Given Adams’ recent popularity, Cary confessed some ambivalence about including "The Battle" with her solo album. "I sort of did battle, so to speak, with myself about whether it should be on the record at all, because clearly I’m trying to step away from Ryan and do my own thing," she says. "But I love the song so much and I feel like it’s one of the few Whiskeytown songs that was really, totally half me. I really was invested it and people loved it live."

Cary plans to tour in spring, backed by a lineup that she hopes will include mostly people that played on the album, including former Whiskeytown guitarist Mike Daly, ex-Jayhawks keyboardist Jen Gunderman and Superchunk drummer Jon Wurster.
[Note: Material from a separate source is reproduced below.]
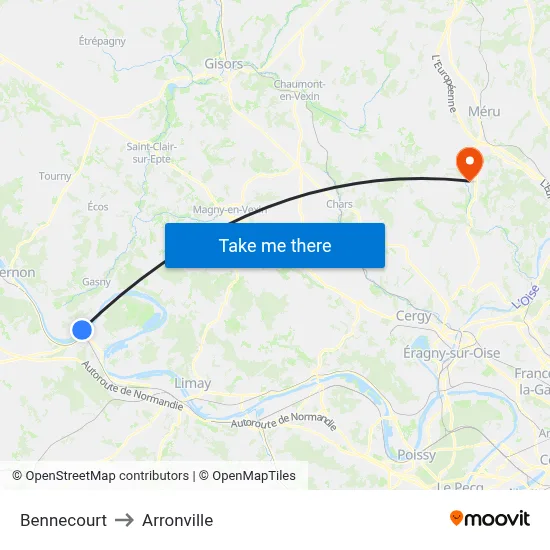 Bennecourt to Arronville map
Last year, Adams estimated that Whiskeytown had as many as sixty unreleased songs, and, although no timetable exists for issuing the material, Cary offered a quick peek into the vaults. "Every record we ever made there were at least ten songs that didn’t get on it," she says. "There’s tons of Ryan’s demo four-track stuff. There’s a record we made in the Christmas time of ’97 or ’98, where we came off a tour and went into the studio with Chris [Stamey] and made a whole record called Forever Valentine. I think it’s pretty good, but you can tell that it was made in a couple days. It’s no Stranger’s Almanac but there’s some great stuff on it."